The way I have currently thought about supporting patch wise training is the following:

add a class method to TaskLoader which samples a uniform point in the normalized coordinate frame and takes the patch size to define a "bounding box" around that sampled form
subsequently check that for the sampled box there is context and target data available, a caveat here is the while loop which is at risk of running very long if samples are scarce
if a bbox fullfills those criteria it is used in the context and target sampling
- for xarrays it is slice isel statement
- for df its more involved because slice expects ordered columns of the coordinates which cannot be guaranteed
the sampled bbox is used to sample both the context and target set
if no patch_size is specified to the task loader call, there are no changes, default is None so everything should run as before

TODO:

correct visualization context encoding
work with unnormalized coordinates
patch wise inference that does stitching
unit tests for sampling strategy with numpy array, as the interp coordinates are not necessarily known beforehand to respect the random sampled bounds

tom-andersson · 2023-10-12T15:11:23Z

Thank you very much for opening this PR @nilsleh. Addressing #22 will be a significant addition to DeepSensor's functionality. It is really appreciated that you've taken the time to try tackling this.

I will start adding some high-level line comments. But firstly, a general point: In DeepSensor, I distinguish between 'slicing' a variable and 'sampling' a variable. In the TaskLoader the variables (xarray/pandas data) are first temporally sliced to specific date/s, and these smaller, sliced xarray/pandas objects are then passed to be sampled. 'Sampling' is the process of selecting a subset of (x, y) points from the set of all (x, y) points (with various sampling schemes available via the context_sampling and target_sampling kwargs). I see that you've added the slicing as part of sample_df and sample_da. We should instead consider the patching behaviour simply as a spatial slicing pre-processing step. I would do this like so:

# Temporal slice (already in TaskLoader)
context_slices = [
    self.time_slice_variable(var, date, delta_t)
    for var, delta_t in zip(self.context, self.context_delta_t)
]
target_slices = [
    self.time_slice_variable(var, date, delta_t)
    for var, delta_t in zip(self.target, self.target_delta_t)
]

# Spatial slice (to be added in this PR)
context_slices = [
    self.spatial_slice_variable(var, window)
    for var in context_slices
]
target_slices = [
    self.spatial_slice_variable(var, window)
    for var in target_slices
]

General comments about PRs

Please run pip install -r requirements.dev.txt
From project root, run pytest to check unit tests
From project root, run black deepsensor/ and black tests/
Ensure any docstrings adhere to Google style so that sphinx can generate docs from them.

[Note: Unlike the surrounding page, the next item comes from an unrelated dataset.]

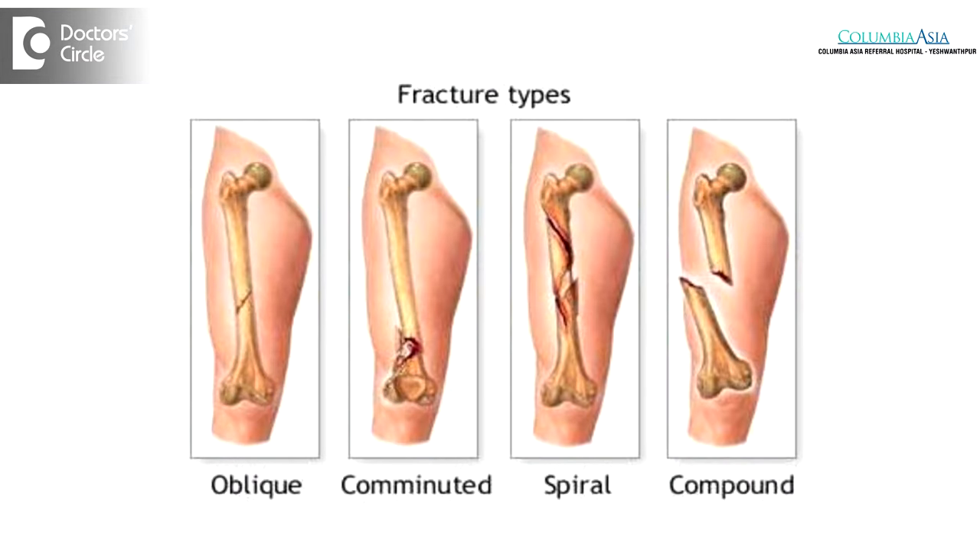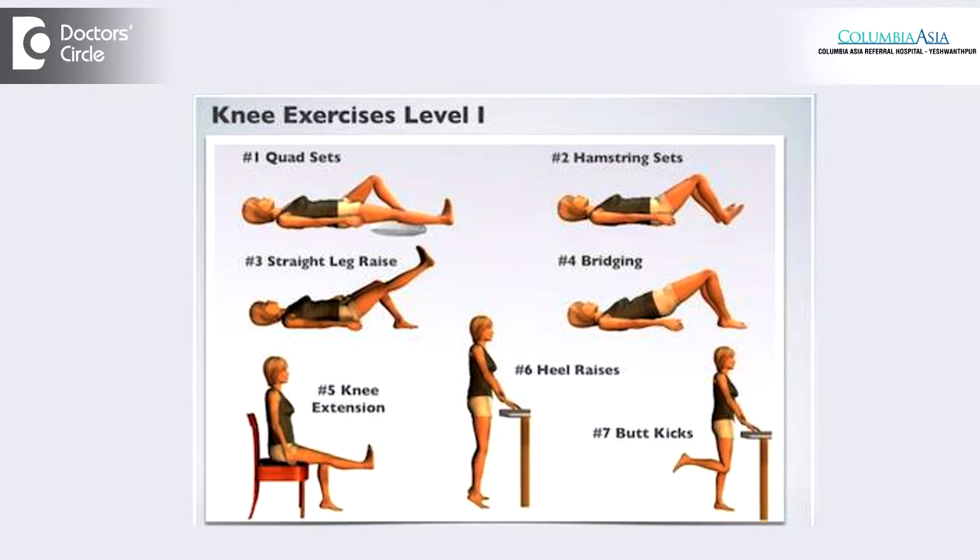In lower limb fractures it can take up to six months for recovering after a complex fracture. Knee injuries will need a lot of rehabilitation in the form of physiotherapy and exercises to regain strength and range of movements, and so it can take up to six months following a lower limb complex fracture.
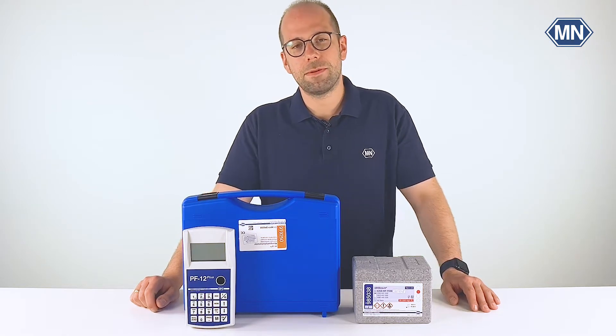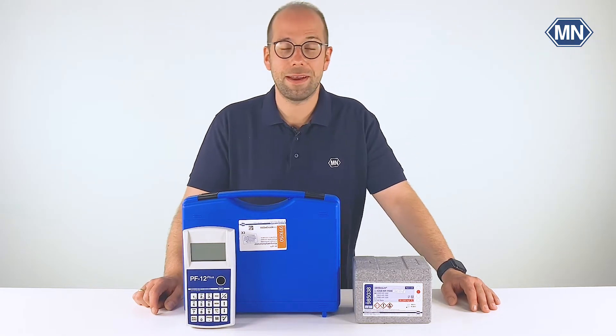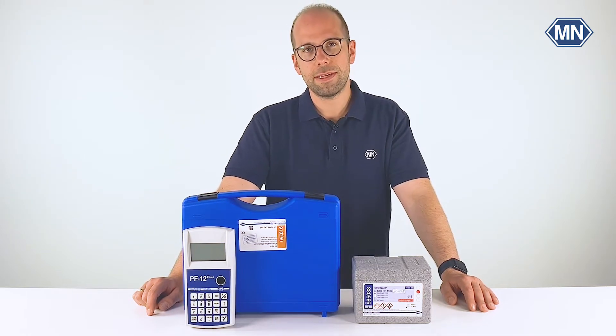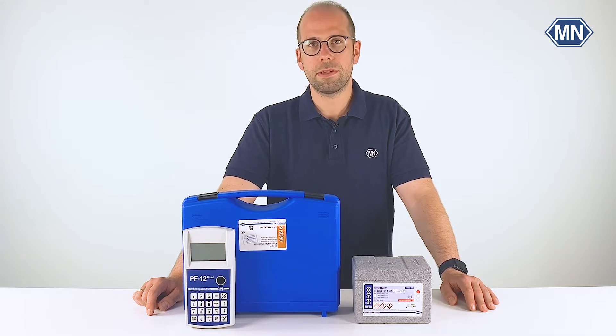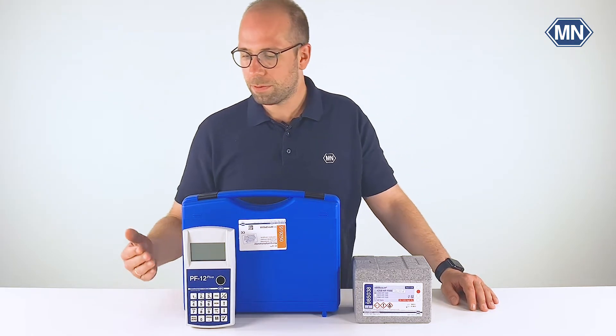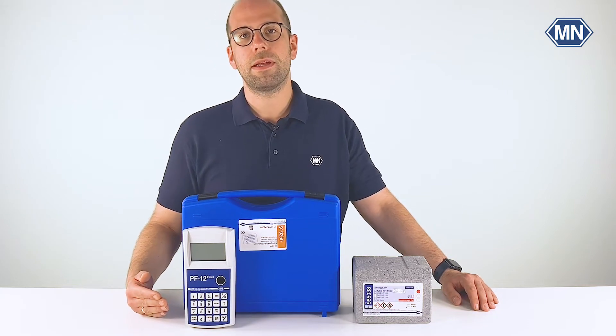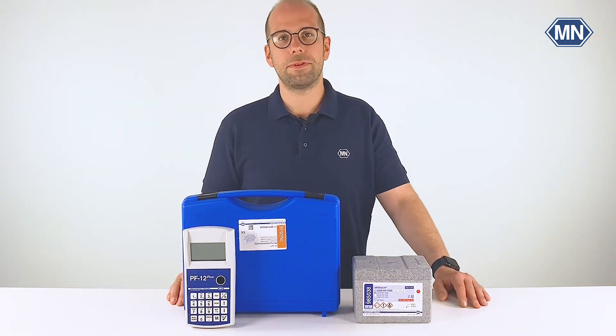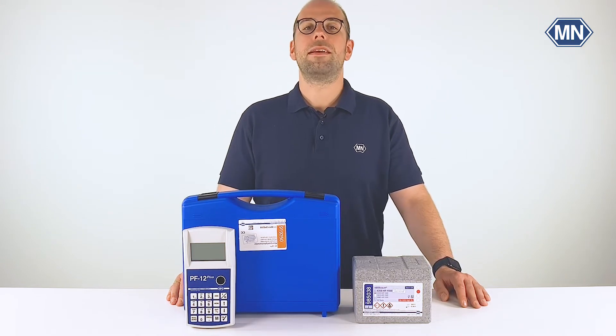Hello everyone, my name is Florian. Welcome to the YouTube channel of Macherey-Nagel. In our last video we showed you the unboxing and all the accessories which you will get when you order the PF12 Plus compact photometer. In today's video we will focus more on the photometer itself. I will show you everything which is needed from getting started to the first measurement result. So let's head right into it.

tom-andersson · 2023-10-12T15:13:01Z

deepsensor/data/loader.py

+
+        :return sequence of patch spatial extent as [lat_min, lat_max, lon_min, lon_max]
+        """
+        # assumption of normalized spatial coordinates between 0 and 1


We can't assume data is bounded in [0, 1]. This is not guaranteed or enforced in any part of the DeepSensor data processing pipeline. Instead, we need a new method, run during the TaskLoader init, which computes the global min/max coordinate values of the context/target data, and then the central point of the patch should be sampled uniformly in this range.

Okay, to my understanding the TaskLoader only works on already normalized/standardized data and the coordinate bounds were normalized to [0,1] but that is good to know, thanks!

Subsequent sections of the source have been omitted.